The current implementation supports exact match and wildcard matching. Objects are represented as "objectNamespace|objectName" in the current implementation.

object

This table stores the object name and the namespace that this object is in. For example, (/mydir/*, ftpNS1) implies that this object is within the ftpNs1 namespace, described above. Since this has wild card matching and hence /mydir/foo would match this object. CAS Objects can be either implicit, that is those that are inherent to CAS or explicit, that is objects on other resources about which policies may be stored in the CAS database. While implict objects maybe of many types, external objects are always represented as type "object".

Implicit Objects

It is sometimes convenient to treat some of the entities defined within the CAS server (such as users and groups) as objects. These implicit objects can be added to object groups and can appear in policy statements. Such policy statements govern access permissions to the CAS database. The types of implicit objects are:

• A user (a reference to an entry in the user table).This is used when granting permissions such as "may unenroll this user"
• A user_group (a reference to an entry in the user_group table). This is used to grant permissions such as "may add users to this group".
• A service_type (a reference to an entry in the service_type table). This is used when granting permissions such as "may add actions to this service type";
• An object_group (a reference to an entry in the object_group table). This is used when granting permissions such as "may add objects to this object group".
• A namespace (reference to an entry in namespace table). This is used when granting permission like "may unenroll this namespace"
• A trust anchor (reference to an entry in the trust_anchor_table); this is used when granting permissions like "may grant rights on this trust anchor"
• The CAS server itself; this is used when granting permissions such as "may add new users to the CAS server". This is added at start up to the object_table.

object_group

This table lists the names of object groups in the database.

object_group_entry

This table consists of {object_group, objectSpecification, objectSpecDesc} tuples; the meaning of this tuple is that the specified objectSpecification of the type objectSpecDesc is a member of the specified object group.
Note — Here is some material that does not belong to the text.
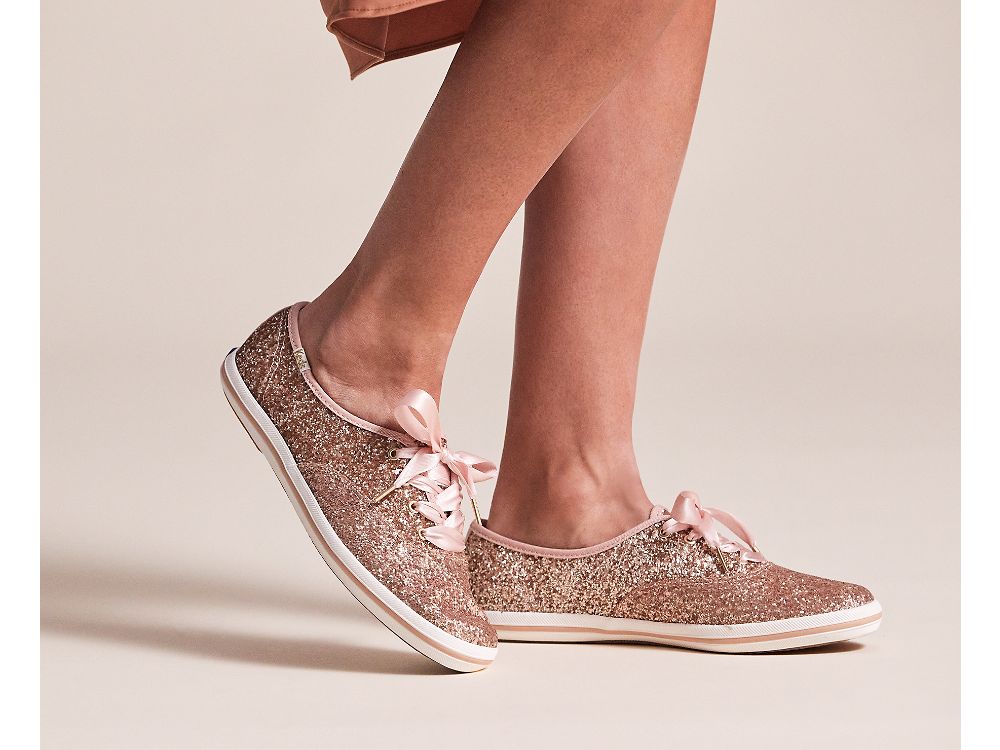 Keds Kate Spade New York Champion Glitter Snøresko Dame Rosa Gull | NO-33163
The objectSpecification could be an identifier for one of these objectSpecDesc, an object(implicit or explicit), user, user group, service type, namespace or trust anchor.

Tables relating to policy statements

The CAS server keeps track of policy statements, which are composed of three parts: a user specification, which denotes a user or set of users, an action specification, which denotes an operation (e.g., read a file) or a group of operation, and an object specification, which specifies an object or group of objects.

For example, if we were to specify a policy statement as an English sentence, "User1 may read ftp://myhost.edu/myfile", then the user specification would be "User1", the action specification would be "file/read", and the object specification would be ftp://myhost.edu/myfile. In reality, the CAS server maintains this information as entries in database tables and translates it into a policy language when responding to a query.

policy_statement

The policy_statement table consists of (userGroup, actionSpec, actionSpecDesc, objectSpec, objectSpecDesc) corresponding to policy statement that implies

• userGroup - a reference to an entry in user_group table
• actionSpec - a reference to an entry in service_action table or service_action_group table
• actionSpecDesc - either "serviceAction" or "serviceActionGroup" describing the actionSpec entry
• objectSpec - a reference to an entry in object table, object_group_entry table, user table, user_group table, service_type table, namespace table or trust_anchor table.
• objectSpecDesc - either "object", "objectGroup", "user", "userGroup", "serviceType", "namespace" or "trustAnchor" describing the objectSpec entry.

Each statement implies that users who belong to the userGroup are permitted to perform the service/action or all service/action(s) in the serviceActionGroup on the specified object or all objects in the said object group.